#### [Problem statement]
Beginning at the line containing "Used 2024 Nissan Altima 2.5 SV FWD image 6" in the material below and ending at the line containing "Дизайнерская резинка для волос", return each line exactly and add nothing.

#### [Records provided]
=== Begin Enclosure ===
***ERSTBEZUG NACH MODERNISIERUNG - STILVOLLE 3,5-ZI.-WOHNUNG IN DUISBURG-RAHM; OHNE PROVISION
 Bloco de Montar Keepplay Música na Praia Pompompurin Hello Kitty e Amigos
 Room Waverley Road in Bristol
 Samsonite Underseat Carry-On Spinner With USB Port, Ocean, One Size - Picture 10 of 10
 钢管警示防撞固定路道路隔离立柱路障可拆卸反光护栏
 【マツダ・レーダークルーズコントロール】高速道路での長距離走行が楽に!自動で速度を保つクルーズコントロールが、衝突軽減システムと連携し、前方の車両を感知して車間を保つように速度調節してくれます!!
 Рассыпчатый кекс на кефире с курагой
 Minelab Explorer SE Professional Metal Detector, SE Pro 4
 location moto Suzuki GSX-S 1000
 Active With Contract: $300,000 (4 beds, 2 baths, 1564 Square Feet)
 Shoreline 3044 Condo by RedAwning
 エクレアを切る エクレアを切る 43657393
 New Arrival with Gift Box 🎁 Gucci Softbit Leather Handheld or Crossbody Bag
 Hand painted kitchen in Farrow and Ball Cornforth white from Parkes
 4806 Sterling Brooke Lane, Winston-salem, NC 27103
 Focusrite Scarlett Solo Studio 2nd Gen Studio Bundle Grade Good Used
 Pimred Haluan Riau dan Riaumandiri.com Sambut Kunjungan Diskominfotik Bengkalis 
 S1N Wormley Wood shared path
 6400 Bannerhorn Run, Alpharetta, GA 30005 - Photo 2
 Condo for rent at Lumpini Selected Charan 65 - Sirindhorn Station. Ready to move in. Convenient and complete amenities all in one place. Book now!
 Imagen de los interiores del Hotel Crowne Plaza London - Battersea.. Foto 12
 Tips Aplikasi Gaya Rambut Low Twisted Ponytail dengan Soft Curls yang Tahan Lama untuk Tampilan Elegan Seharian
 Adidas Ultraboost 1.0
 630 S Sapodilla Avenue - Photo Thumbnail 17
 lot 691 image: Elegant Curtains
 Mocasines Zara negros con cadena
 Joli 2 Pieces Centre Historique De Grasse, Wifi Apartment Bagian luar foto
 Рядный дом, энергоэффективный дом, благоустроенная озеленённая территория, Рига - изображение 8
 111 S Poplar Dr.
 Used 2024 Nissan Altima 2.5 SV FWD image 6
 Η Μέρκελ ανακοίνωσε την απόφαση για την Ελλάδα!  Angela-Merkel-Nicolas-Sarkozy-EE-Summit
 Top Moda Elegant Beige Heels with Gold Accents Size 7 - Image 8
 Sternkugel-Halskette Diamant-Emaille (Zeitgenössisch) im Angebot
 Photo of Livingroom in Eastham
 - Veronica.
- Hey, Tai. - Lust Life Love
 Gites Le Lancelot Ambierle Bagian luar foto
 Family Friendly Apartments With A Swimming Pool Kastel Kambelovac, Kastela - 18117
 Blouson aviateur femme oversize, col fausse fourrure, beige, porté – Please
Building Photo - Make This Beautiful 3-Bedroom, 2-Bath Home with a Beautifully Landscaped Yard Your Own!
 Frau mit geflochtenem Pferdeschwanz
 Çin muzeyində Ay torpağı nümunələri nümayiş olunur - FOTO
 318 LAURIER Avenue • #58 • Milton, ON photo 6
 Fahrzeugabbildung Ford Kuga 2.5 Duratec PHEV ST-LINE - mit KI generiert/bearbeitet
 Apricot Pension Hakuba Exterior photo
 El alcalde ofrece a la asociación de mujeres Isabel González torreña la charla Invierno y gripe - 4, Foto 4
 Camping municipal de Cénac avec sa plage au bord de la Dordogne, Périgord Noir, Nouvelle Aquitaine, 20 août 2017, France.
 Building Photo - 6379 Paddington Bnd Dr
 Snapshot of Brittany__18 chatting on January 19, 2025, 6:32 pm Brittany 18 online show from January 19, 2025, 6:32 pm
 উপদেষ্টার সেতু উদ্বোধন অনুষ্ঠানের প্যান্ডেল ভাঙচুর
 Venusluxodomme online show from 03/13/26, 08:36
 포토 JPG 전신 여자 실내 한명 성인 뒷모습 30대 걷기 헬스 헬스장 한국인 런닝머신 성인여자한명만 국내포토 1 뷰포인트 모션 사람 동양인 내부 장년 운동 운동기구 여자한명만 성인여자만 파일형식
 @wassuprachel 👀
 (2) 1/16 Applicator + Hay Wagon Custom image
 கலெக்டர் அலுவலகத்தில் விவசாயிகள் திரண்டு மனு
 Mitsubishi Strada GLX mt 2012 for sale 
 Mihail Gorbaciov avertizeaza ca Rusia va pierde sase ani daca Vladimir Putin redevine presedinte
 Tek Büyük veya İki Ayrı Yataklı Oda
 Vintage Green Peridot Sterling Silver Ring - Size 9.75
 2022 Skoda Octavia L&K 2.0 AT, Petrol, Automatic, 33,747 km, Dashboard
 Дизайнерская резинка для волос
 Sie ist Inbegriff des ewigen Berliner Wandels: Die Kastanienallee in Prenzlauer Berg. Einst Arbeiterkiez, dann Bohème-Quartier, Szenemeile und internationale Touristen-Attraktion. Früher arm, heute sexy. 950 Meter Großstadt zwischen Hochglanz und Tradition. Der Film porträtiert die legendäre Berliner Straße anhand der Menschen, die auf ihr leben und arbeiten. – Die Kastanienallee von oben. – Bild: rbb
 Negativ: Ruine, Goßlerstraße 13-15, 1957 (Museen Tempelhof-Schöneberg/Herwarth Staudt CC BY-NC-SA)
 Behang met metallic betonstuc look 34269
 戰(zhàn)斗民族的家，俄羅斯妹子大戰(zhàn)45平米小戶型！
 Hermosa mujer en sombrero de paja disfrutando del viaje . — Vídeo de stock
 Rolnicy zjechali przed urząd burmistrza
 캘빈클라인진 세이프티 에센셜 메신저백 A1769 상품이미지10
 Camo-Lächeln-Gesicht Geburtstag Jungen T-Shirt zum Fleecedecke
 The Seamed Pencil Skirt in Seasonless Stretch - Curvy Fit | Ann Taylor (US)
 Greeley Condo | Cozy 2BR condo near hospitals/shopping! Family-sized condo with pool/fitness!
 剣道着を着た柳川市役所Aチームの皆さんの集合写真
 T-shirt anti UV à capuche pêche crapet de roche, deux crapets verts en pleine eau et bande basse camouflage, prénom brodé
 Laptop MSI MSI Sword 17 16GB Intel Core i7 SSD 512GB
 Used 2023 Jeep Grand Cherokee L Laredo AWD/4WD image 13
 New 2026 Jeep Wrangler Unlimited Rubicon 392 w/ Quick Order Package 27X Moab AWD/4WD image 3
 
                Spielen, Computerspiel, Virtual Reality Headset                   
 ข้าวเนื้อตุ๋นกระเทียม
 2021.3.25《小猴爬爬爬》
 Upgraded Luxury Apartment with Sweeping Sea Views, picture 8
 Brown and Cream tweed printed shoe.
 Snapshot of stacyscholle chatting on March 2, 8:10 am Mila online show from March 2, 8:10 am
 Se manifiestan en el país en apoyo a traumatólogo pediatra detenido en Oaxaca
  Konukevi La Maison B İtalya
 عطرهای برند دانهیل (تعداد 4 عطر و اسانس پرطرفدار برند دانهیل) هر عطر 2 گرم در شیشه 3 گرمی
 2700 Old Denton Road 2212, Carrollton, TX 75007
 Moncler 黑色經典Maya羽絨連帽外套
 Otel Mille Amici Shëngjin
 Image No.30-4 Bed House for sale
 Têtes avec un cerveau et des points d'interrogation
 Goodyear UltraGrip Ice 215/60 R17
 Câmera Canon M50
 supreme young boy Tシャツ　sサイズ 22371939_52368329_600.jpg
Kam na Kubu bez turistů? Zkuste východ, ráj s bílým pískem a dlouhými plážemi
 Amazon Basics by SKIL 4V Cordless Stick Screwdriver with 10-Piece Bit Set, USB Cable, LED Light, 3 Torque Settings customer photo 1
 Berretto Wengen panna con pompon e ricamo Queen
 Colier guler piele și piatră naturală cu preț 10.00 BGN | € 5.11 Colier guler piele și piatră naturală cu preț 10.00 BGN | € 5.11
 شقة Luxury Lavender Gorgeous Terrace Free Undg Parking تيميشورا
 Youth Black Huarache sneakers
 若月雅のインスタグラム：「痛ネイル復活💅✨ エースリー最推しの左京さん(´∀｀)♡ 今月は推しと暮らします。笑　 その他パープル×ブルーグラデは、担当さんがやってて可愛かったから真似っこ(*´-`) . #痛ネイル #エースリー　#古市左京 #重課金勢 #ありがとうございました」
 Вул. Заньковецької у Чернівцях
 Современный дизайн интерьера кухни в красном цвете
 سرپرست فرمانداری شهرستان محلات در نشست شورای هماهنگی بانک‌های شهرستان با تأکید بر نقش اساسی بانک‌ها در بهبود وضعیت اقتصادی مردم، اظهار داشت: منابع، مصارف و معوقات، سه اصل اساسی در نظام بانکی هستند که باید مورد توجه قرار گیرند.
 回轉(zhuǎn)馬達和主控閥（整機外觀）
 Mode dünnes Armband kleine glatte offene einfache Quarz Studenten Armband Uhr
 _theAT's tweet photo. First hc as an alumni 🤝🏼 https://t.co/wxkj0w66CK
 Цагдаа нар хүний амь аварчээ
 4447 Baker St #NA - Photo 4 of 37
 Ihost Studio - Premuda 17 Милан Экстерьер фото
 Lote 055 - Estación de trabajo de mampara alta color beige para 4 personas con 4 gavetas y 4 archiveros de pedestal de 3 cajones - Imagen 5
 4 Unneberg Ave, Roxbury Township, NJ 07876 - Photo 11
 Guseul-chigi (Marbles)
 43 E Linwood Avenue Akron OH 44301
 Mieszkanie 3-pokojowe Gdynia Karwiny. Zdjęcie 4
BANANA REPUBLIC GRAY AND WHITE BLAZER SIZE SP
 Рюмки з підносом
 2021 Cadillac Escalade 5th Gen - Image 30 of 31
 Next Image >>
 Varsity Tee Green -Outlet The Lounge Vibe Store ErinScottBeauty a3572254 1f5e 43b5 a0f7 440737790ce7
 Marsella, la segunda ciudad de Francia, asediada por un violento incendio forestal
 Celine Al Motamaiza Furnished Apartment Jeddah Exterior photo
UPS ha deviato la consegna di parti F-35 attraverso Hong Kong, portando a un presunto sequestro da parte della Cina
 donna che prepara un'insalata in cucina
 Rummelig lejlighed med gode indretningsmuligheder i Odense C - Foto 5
=== End Enclosure ===
#### [Result for this task]
 Used 2024 Nissan Altima 2.5 SV FWD image 6
 Η Μέρκελ ανακοίνωσε την απόφαση για την Ελλάδα!  Angela-Merkel-Nicolas-Sarkozy-EE-Summit
 Top Moda Elegant Beige Heels with Gold Accents Size 7 - Image 8
 Sternkugel-Halskette Diamant-Emaille (Zeitgenössisch) im Angebot
 Photo of Livingroom in Eastham
 - Veronica.
- Hey, Tai. - Lust Life Love
 Gites Le Lancelot Ambierle Bagian luar foto
 Family Friendly Apartments With A Swimming Pool Kastel Kambelovac, Kastela - 18117
 Blouson aviateur femme oversize, col fausse fourrure, beige, porté – Please
Building Photo - Make This Beautiful 3-Bedroom, 2-Bath Home with a Beautifully Landscaped Yard Your Own!
 Frau mit geflochtenem Pferdeschwanz
 Çin muzeyində Ay torpağı nümunələri nümayiş olunur - FOTO
 318 LAURIER Avenue • #58 • Milton, ON photo 6
 Fahrzeugabbildung Ford Kuga 2.5 Duratec PHEV ST-LINE - mit KI generiert/bearbeitet
 Apricot Pension Hakuba Exterior photo
 El alcalde ofrece a la asociación de mujeres Isabel González torreña la charla Invierno y gripe - 4, Foto 4
 Camping municipal de Cénac avec sa plage au bord de la Dordogne, Périgord Noir, Nouvelle Aquitaine, 20 août 2017, France.
 Building Photo - 6379 Paddington Bnd Dr
 Snapshot of Brittany__18 chatting on January 19, 2025, 6:32 pm Brittany 18 online show from January 19, 2025, 6:32 pm
 উপদেষ্টার সেতু উদ্বোধন অনুষ্ঠানের প্যান্ডেল ভাঙচুর
 Venusluxodomme online show from 03/13/26, 08:36
 포토 JPG 전신 여자 실내 한명 성인 뒷모습 30대 걷기 헬스 헬스장 한국인 런닝머신 성인여자한명만 국내포토 1 뷰포인트 모션 사람 동양인 내부 장년 운동 운동기구 여자한명만 성인여자만 파일형식
 @wassuprachel 👀
 (2) 1/16 Applicator + Hay Wagon Custom image
 கலெக்டர் அலுவலகத்தில் விவசாயிகள் திரண்டு மனு
 Mitsubishi Strada GLX mt 2012 for sale 
 Mihail Gorbaciov avertizeaza ca Rusia va pierde sase ani daca Vladimir Putin redevine presedinte
 Tek Büyük veya İki Ayrı Yataklı Oda
 Vintage Green Peridot Sterling Silver Ring - Size 9.75
 2022 Skoda Octavia L&K 2.0 AT, Petrol, Automatic, 33,747 km, Dashboard
 Дизайнерская резинка для волос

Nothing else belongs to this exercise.